# New marmoset enclosure



## jonnybrfc (May 10, 2010)

Hi guys been a while since last on, recently recieved a large galvanised cage and so i decided to remove my old extended marmoset enclosure and put this new one up giving them more room and height. their new outdoor enclosure is now 13ftX13ft X 8ft tall giving them loads of room and is attached to the original 12ftX6t shed. Took some of these pictures of itrecently in the sunshine hope you like. also a couple of pictures of the newest babies that brings mytotal to 6 marms now. enjoy let me know what you think.





































and a couple of the inside.














































and a couple of new babies and mum, babies are round 9 weeks




























hope you like.


----------



## samurai (Sep 9, 2009)

Very nice indeed


----------



## jonnybrfc (May 10, 2010)

samurai said:


> Very nice indeed


Thanx


----------



## Disillusioned (Jan 3, 2012)

That looks brilliant!
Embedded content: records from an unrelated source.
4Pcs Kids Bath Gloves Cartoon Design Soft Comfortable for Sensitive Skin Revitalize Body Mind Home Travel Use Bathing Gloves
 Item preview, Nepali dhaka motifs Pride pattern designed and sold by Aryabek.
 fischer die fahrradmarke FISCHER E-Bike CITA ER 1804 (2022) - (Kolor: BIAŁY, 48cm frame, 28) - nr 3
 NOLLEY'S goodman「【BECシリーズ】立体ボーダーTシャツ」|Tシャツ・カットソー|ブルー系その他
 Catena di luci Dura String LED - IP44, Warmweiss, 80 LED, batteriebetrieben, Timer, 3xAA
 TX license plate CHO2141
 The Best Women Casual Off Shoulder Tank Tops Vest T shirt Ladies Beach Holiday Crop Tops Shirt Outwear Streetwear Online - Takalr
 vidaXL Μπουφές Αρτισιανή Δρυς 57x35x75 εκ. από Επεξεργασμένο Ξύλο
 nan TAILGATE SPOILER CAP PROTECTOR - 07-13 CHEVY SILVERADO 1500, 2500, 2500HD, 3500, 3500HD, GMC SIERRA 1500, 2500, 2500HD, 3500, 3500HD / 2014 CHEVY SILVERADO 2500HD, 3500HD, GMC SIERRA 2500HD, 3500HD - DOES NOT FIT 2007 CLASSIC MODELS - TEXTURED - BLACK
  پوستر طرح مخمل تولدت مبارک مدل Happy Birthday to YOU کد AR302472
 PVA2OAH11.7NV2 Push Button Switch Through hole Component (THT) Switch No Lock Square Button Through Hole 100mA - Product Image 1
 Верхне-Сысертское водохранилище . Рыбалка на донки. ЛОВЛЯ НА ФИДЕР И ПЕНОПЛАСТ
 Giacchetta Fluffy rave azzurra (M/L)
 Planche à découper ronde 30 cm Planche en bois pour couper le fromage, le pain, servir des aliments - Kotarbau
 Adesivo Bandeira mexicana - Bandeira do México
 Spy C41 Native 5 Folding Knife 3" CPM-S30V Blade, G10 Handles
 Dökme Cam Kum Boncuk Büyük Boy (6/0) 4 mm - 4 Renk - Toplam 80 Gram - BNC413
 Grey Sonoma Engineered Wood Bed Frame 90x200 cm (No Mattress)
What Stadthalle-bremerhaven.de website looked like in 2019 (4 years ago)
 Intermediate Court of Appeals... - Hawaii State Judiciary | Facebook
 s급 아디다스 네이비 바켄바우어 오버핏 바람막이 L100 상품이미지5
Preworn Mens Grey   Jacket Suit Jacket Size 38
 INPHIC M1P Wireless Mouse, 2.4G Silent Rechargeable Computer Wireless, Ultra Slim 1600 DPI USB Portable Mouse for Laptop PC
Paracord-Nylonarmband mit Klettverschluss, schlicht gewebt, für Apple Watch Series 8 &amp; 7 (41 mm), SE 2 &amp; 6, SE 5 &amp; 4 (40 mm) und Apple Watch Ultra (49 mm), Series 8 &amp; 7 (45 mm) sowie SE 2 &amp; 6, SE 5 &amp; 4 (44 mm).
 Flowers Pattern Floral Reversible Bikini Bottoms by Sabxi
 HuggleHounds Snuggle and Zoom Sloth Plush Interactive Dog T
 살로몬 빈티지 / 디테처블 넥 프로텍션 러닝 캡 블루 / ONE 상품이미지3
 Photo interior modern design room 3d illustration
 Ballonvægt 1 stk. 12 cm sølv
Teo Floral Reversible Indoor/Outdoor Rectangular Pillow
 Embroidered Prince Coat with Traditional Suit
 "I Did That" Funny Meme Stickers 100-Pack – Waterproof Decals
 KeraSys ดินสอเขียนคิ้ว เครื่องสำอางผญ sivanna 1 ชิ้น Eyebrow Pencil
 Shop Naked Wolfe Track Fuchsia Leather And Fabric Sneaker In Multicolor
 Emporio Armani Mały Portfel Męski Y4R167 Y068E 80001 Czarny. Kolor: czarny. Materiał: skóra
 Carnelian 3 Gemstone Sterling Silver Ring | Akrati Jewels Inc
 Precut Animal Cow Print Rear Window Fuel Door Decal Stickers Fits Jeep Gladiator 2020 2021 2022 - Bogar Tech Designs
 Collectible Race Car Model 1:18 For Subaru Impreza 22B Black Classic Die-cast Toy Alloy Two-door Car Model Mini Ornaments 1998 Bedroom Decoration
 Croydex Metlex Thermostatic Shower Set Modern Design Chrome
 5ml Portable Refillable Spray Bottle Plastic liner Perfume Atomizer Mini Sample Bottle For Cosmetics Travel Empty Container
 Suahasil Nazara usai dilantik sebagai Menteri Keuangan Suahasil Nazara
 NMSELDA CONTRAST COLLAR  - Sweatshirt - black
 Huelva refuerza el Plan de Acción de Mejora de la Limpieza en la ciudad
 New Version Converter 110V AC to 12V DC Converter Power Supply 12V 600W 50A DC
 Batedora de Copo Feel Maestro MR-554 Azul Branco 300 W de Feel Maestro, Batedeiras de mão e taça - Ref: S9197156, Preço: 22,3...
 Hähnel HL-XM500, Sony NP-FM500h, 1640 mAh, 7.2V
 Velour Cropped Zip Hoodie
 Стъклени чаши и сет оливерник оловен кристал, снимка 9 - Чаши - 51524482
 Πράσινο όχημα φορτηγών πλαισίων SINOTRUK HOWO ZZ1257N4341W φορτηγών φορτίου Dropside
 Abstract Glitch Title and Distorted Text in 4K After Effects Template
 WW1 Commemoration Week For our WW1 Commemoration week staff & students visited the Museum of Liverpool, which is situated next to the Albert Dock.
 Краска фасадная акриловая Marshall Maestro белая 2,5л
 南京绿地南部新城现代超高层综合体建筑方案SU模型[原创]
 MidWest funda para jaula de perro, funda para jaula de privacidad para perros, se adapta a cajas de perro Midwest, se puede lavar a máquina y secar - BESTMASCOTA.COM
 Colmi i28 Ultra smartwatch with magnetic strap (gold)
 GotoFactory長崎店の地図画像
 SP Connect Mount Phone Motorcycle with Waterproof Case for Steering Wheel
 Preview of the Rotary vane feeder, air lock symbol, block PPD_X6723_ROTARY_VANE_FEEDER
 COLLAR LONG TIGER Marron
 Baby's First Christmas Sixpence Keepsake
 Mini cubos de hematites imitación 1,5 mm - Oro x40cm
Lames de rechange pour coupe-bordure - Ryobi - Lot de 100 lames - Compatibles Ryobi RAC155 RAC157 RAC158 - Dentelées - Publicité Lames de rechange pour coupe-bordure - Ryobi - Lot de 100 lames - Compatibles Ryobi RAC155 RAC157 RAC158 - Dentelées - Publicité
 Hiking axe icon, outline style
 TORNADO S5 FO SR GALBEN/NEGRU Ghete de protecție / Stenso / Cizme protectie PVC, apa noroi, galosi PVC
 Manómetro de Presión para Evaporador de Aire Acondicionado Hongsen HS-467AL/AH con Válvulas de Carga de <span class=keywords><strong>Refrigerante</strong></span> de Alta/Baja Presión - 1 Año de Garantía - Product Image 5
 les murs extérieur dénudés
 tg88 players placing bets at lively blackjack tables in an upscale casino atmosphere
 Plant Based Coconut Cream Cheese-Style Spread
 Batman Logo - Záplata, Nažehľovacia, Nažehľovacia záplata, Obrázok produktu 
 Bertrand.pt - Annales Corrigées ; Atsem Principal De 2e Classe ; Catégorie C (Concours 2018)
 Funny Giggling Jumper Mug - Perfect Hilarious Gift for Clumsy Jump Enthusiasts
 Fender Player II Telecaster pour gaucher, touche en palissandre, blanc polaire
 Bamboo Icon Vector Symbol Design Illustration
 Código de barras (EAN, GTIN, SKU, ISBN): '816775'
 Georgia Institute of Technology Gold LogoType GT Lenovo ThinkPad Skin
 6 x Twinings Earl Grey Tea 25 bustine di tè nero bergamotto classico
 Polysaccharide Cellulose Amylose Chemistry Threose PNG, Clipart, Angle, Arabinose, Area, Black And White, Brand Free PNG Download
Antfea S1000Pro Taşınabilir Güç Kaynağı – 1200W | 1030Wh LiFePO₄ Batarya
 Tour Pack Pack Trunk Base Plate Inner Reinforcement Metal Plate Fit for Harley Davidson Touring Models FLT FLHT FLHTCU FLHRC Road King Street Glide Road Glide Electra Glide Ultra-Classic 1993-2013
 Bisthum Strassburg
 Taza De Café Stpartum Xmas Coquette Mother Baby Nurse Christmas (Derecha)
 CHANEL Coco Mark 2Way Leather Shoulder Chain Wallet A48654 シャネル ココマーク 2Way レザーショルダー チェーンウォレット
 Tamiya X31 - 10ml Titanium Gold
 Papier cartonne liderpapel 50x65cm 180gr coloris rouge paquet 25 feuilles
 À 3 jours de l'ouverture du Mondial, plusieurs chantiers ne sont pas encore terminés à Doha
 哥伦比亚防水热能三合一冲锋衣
Bet they are enjoying the sun we've had these last couple days. Nice looking marms too


----------



## jorge666 (Apr 6, 2012)

Should keep them interested! Are they sociable toward people? Or do they keep their distance?


----------



## em_40 (Sep 29, 2010)

I love that first baby picture, so cute! 
Very nice looking cage, bet they love it


----------



## PETERAROBERTSON (Jul 2, 2008)

Looking good johnny.
Do you have a plan if harmony gets desrupted.
Your at 6.?
Building a good troop and harmony being ok isnt easy.
If it breaks it does it quick and can end up on one or two being segregatted and even killed
It takes a good bit of experiance to see the signs.
The thing is as you know hybrids are no good.
Even though your intentions were good.
Do yiu have spare housing fir this.
Dont want to put a damper on things but would rather say now.
I would get female implanted.
Let them enjoy the good life.
Would hate you put in deap end with nowhere to turn.
Food for thought mate.
But it all looks brill.
Was worried with increase in size that you thought just keep breeding and alk will be fine.


----------



## Zoo-Man (Apr 12, 2008)

Brilliant enclosure! :2thumb:


----------



## minz (Apr 16, 2013)

Oh my goodness they are just so cute :flrt:


----------



## the wee dude (Jan 14, 2013)

Nice enclosure, and your wee guys look amazing!


----------



## aliburke (Jun 20, 2011)

Hey Jonny, looking great, I really do need to get a trip up, Ill PM you my number, if you give me a wee text then ill have yours and I can give you a shout soon and see if your about some night if that's ok?


----------